By their very nature, many mobile technology applications have an exotic feel to them. Law enforcement agencies use mobile data systems to transmit mug shots and crime-scene video to officers in the field. Airborne firefighters use handheld computers to track the progress of a fast-changing wildfire, and then beam the coordinates to crews battling the blaze. There's a science-fiction quality to a lot of this stuff.
So it might be easy to overlook the fact that wireless technology also can help solve more fundamental issues, such as providing high-speed Internet access to those least likely to have it. This month's cover story examines how Portsmouth, Va., is using wireless LAN technology to link residents of the Westbury public-housing community to the Web. The new system allows the city's Redevelopment and Housing Authority to offer residents affordable broadband Internet connections without the expense of stringing network cable throughout the community.

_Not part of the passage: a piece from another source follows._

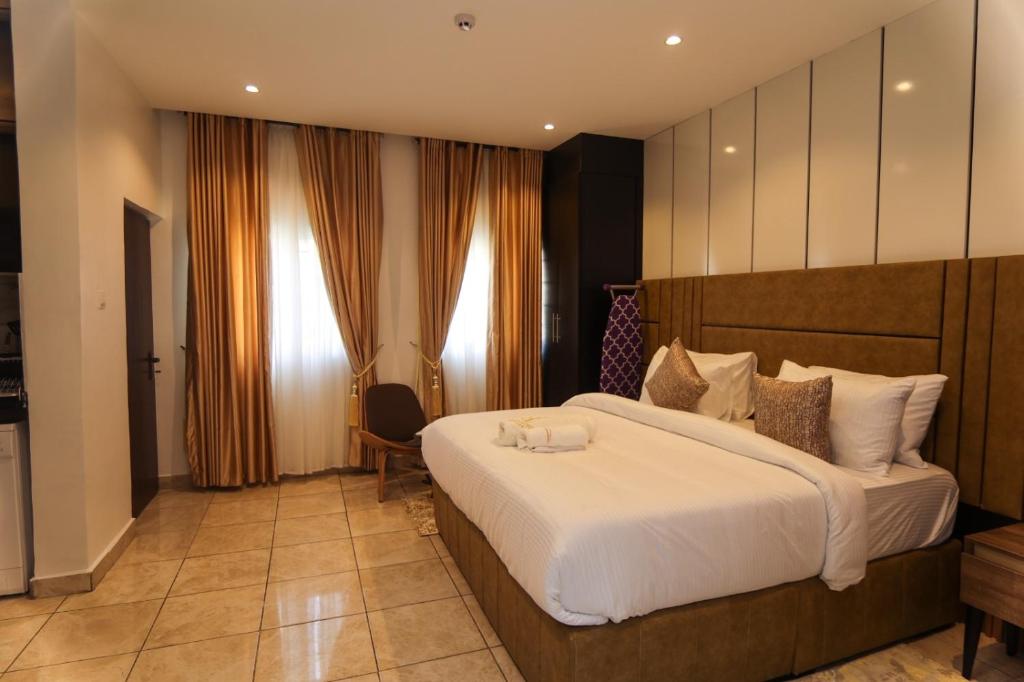Luxury Apartments in Lagos Island, Lagos – aktualizované ceny na rok 2024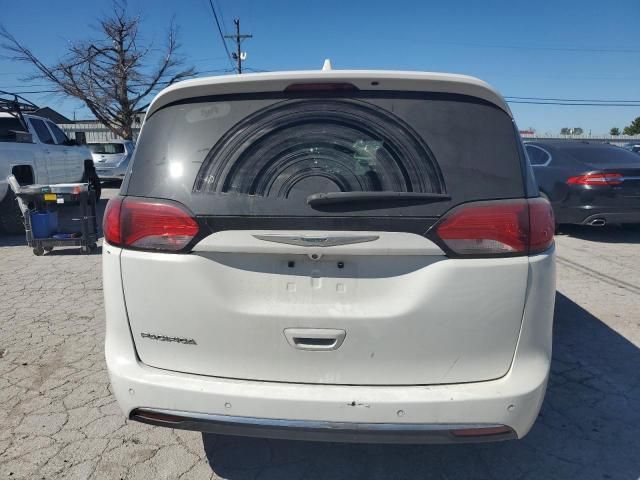 2020 Chrysler Pacifica Hybrid Limited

Portsmouth may be the first jurisdiction to complete such a project, but it's unlikely to be the last. Government and industry representatives say wireless technology presents an attractive option for bringing low-cost connectivity to existing and renovated public housing projects. And similar initiatives are taking shape at housing projects in cities, such as Los Angeles and Boston.
For residents of these public-housing projects, wireless technology offers new hope for participating in the Internet Economy -- one they otherwise may not have. With monthly fees for broadband Internet access approaching $50 or more, high-speed connectivity is simply beyond the reach of many low-income families. On the other hand, wireless technology promises to deliver broadband access to public-housing residents for the price of adding wireless network cards to their PCs -- a one-time cost of about $50 to $100 apiece.

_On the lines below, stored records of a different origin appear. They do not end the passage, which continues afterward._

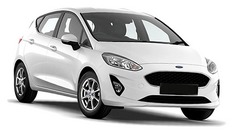 rent ford fiesta edinburgh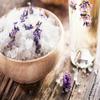 Lavender Bath Salts, Aromatherapy Bath Soak for Self Care view 2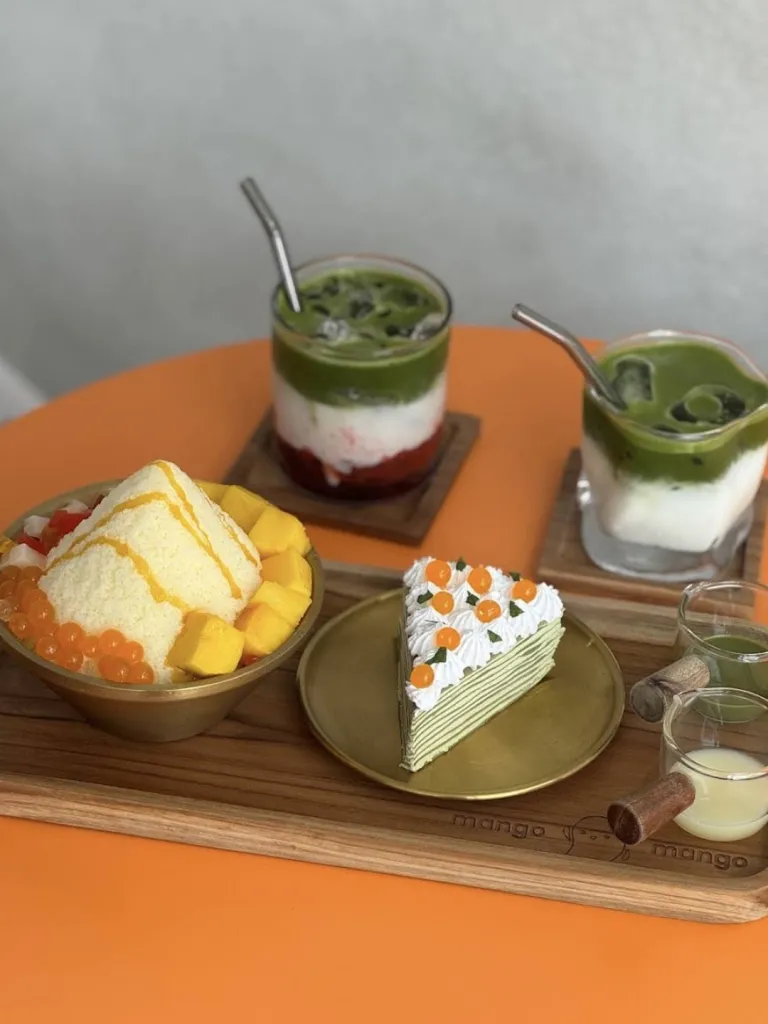 망고 망고 우붓 Mango Mango Ubud - Dessert & Matcha 사진 1/5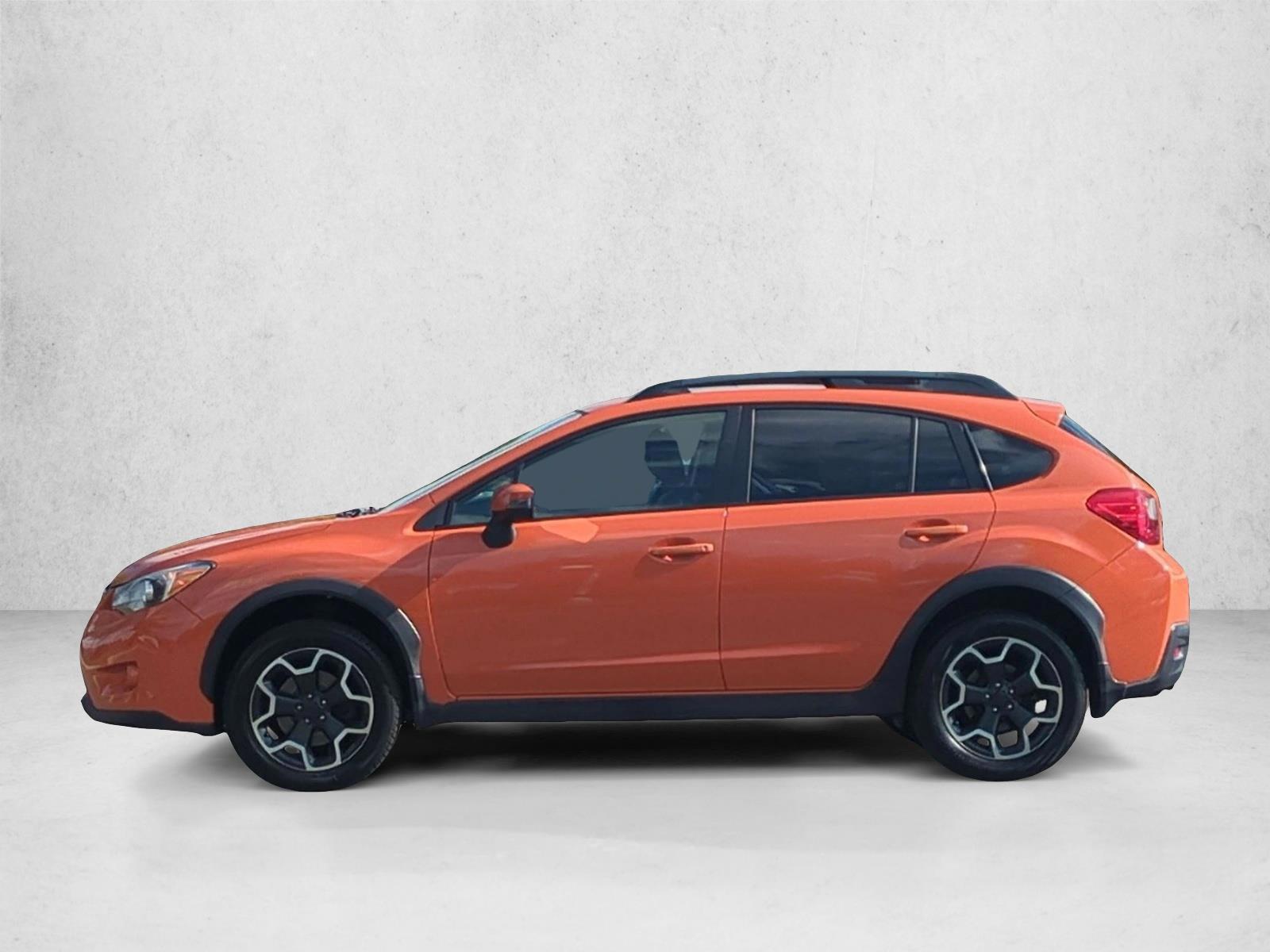 Thumbnail: 2015 Subaru Crosstrek - 2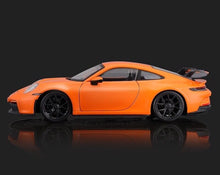 Load image into Gallery viewer, Bburago 1:24 2022 Orange 911 GT3 Racing Sports Model Toy Diecast Metal Car BN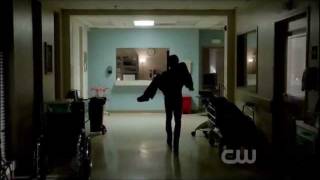 3x05 Damon amp Elena hospital scene Vampire Diaries The Reckoning [upl. by Roque]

That's no small achievement, considering the magnitude of the issue. Providing Internet access to citizens on the lowest rungs of the economic ladder remains a significant concern for public policy-makers.
Although the nation as a whole is making great progress, low-income families continue to struggle to get online. Less than 40 percent of households earning $15,000 to $24,999 per year have Internet access, according to a report released by the National Telecommunications and Information Administration earlier this year. The percentage jumps to nearly 80 percent for households making more than $75,000 annually.

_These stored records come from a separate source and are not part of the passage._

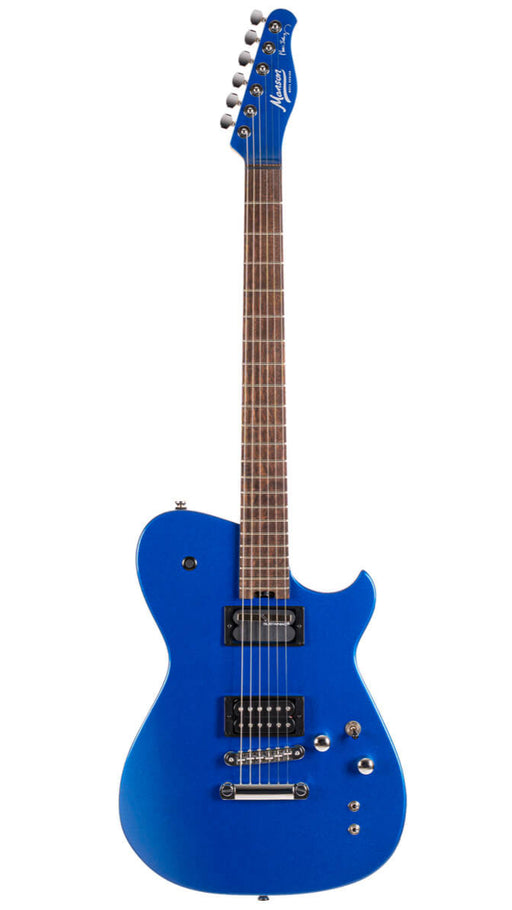 Cort Manson Meta Series MBM-2H Matt Bellamy Sustainiac, Meta Blue - Fair Deal Music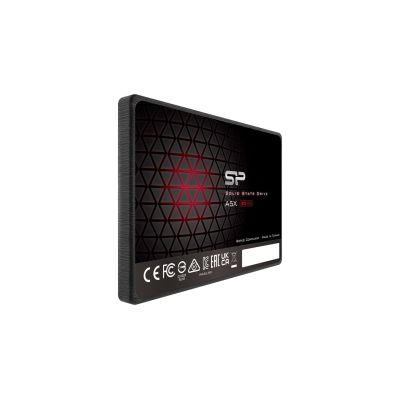 4. SSD Silicon Power Ace A5X 256GB 2,5" SATA III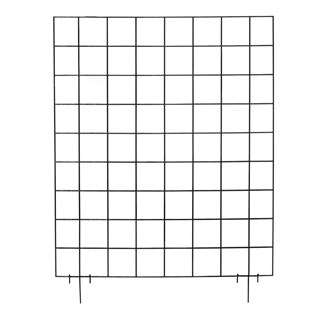 Säleikkö istutuslaatikkoon 80 x 100 cm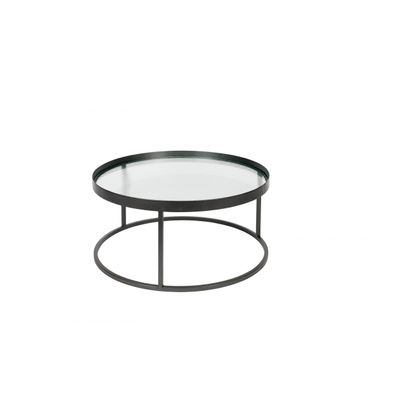 Dutchbone Boli Salontafel Rond Dutchbone Boli Salontafel Rond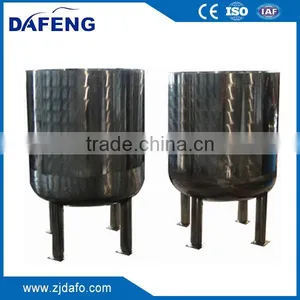 Stainless Steel Bright Beer Conditioning Tank thumbnail-6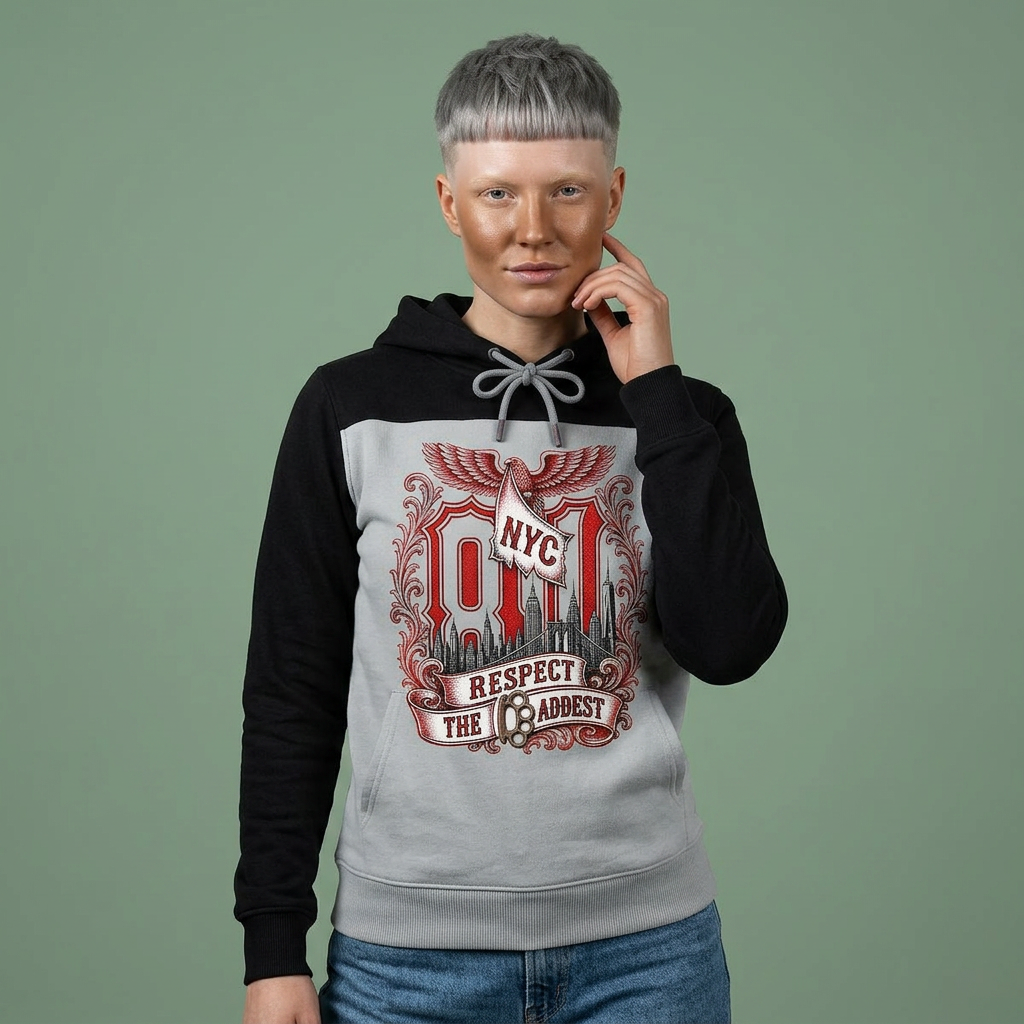 Halftime Long Sleeve Hoodie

So, although the report shows Internet use growing at a 20-percent clip nationwide since 1998, it also reveals that a broad number of low-income citizens remain disconnected from what has become a vital means of communicating and conducting commerce.
Wireless Internet projects such as the one undertaken by Portsmouth represent a fresh approach to solving that problem. By providing cost-effective, high-speed Web access to public-housing residents, wireless technology may help close one of the most stubborn portions of the digital divide.